Amnesty International Aotearoa New Zealand is calling on the Minister for Corrections Kelvin Davis to ensure all measures are taken to address the situation at Waikeria Prison to protect the human rights of all people involved.
All people, including those living and working in a prison, deserve to be treated with dignity. Any response to the events unfolding – including the use of force – must still be legal, necessary and proportionate. De-escalation techniques must be used first and foremost and must respect the life and physical integrity of both detainees and prison officers.
The protesters in detention have already raised concerns about inhumane treatment. Further denying the humanity of all involved through tactics such as using excessive force, or withholding food and water, will only escalate an already difficult situation.
This protest suggests that prisoners are becoming increasingly desperate with the Government’s inaction to protect their right to minimum standards. An unannounced inspection of Waikeria Prison released by the Chief Ombudsman in August 2020 found that most men in the high-security complex were double-bunked in cells originally designed for one, living conditions were poor and the provision and quality of clothing and bedding was problematic.
Amnesty International has been concerned about human rights standards in our prison system for some time.

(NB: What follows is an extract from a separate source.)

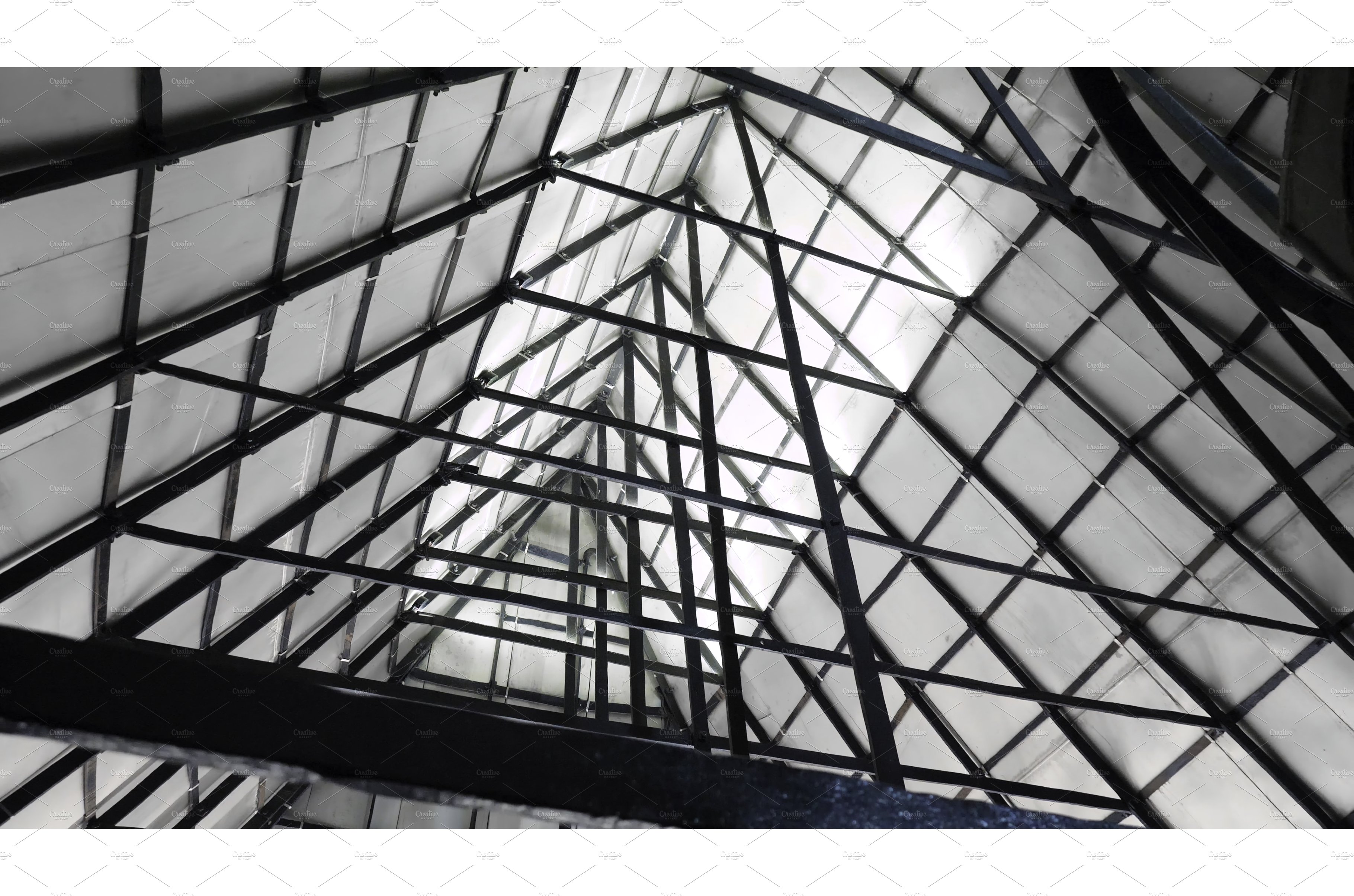 Triangular roof with iron beams cover image.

Over the past several months there has been a steady stream of reports outlining deeply concerning practices in prisons around the country, including a report by the Human Rights Commission which confirmed that problematic practices of seclusion and restraint were systemic across our detention system, amongst other human rights breaches.
It is why we are calling on the Minister of Corrections, Hon Kelvin Davis, to take both immediate action to end specific dehumanising practices, and to launch an inquiry into the state of our prison system.